> **Source records**:
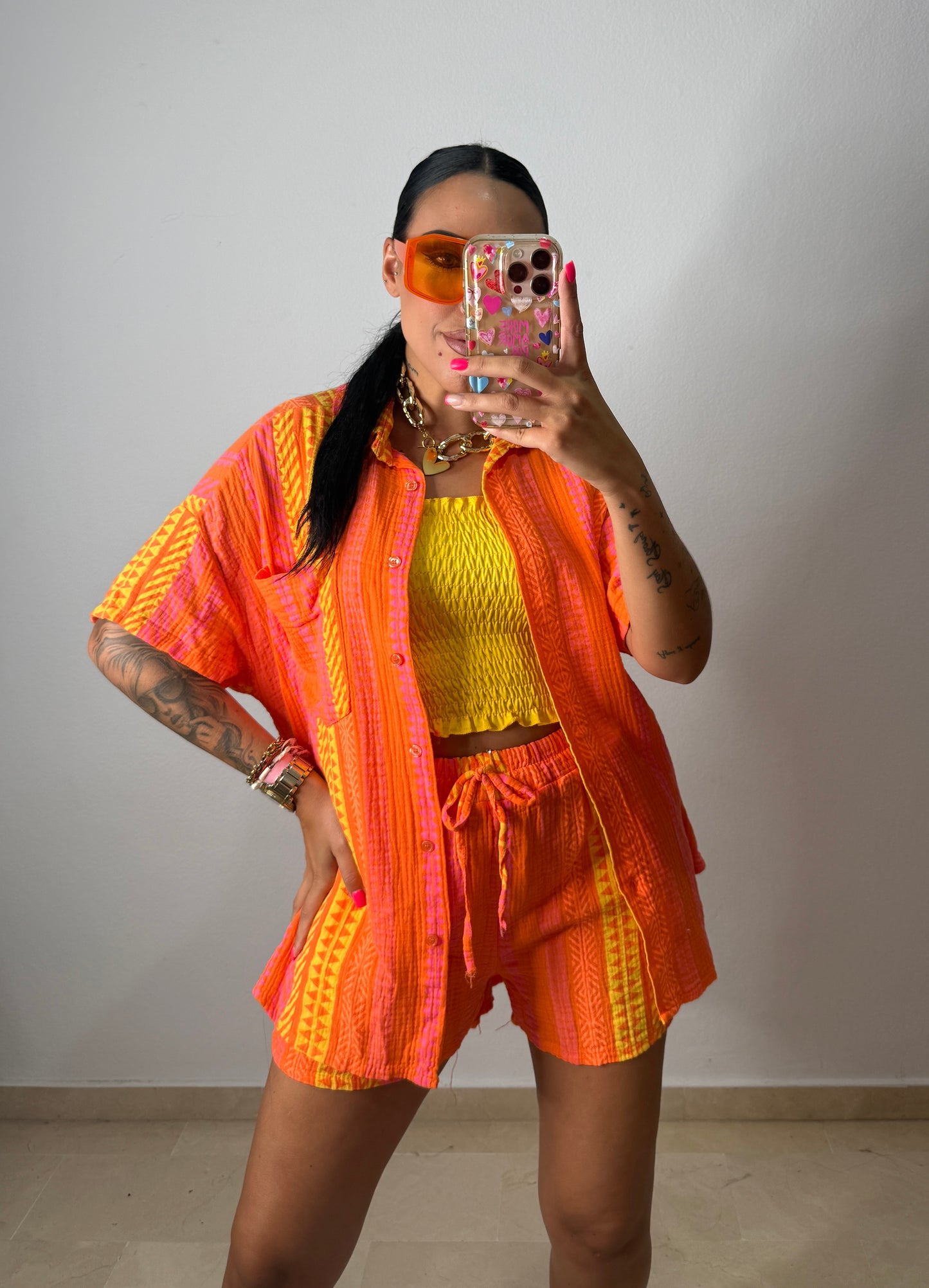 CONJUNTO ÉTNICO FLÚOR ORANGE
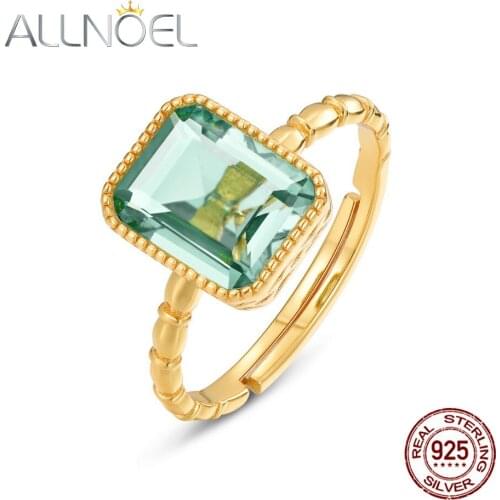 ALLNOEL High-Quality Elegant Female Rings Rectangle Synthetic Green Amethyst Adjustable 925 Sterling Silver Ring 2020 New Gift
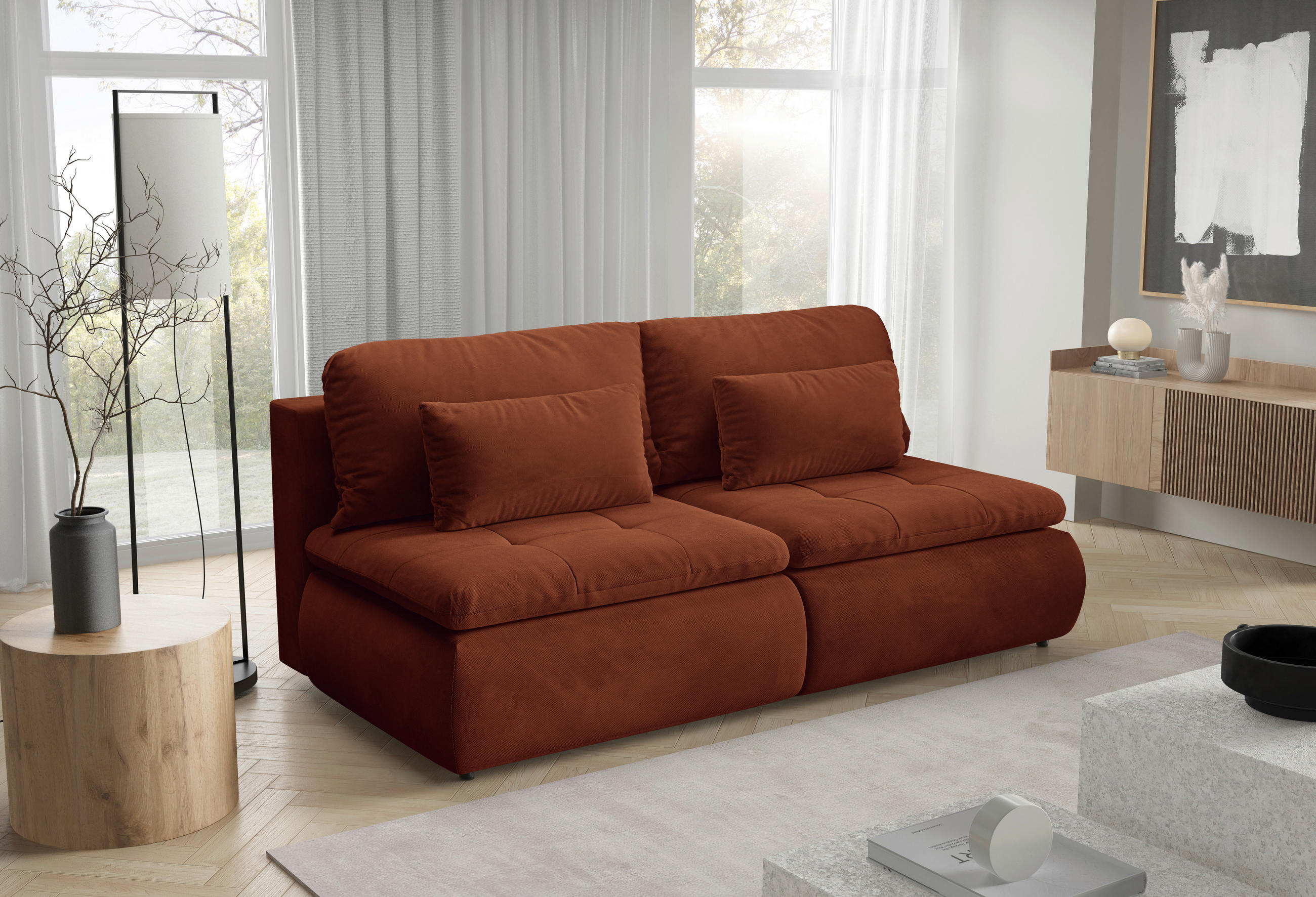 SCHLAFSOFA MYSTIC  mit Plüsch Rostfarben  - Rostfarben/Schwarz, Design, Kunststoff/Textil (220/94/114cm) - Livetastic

* * *

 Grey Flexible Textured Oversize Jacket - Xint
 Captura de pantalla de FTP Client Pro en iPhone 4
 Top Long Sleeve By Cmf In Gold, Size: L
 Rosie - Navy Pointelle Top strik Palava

==

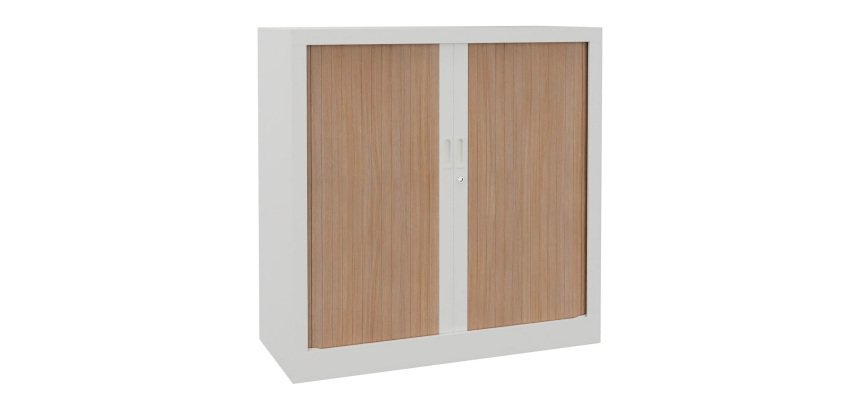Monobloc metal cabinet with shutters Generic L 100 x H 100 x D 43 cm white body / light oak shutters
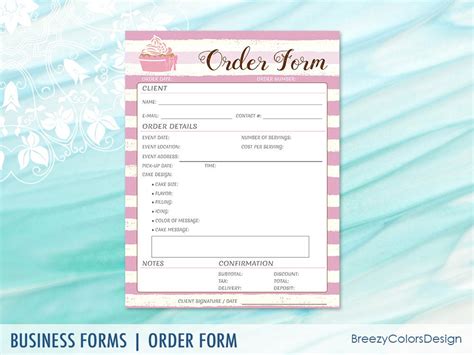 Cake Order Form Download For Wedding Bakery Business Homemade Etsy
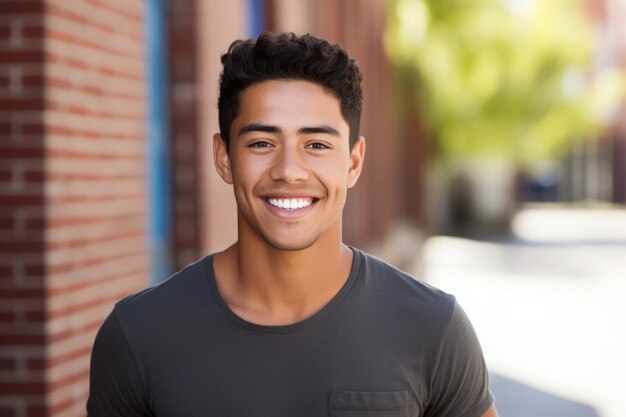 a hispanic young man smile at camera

> **What is required**: From the records above, extract exactly and only the lines that begin at the line with "Top Long Sleeve By Cmf In Gold, Size: L" and stop after the line with "Rosie - Navy Pointelle Top strik Palava".

> **Solution to this exercise**:
 Top Long Sleeve By Cmf In Gold, Size: L
 Rosie - Navy Pointelle Top strik Palava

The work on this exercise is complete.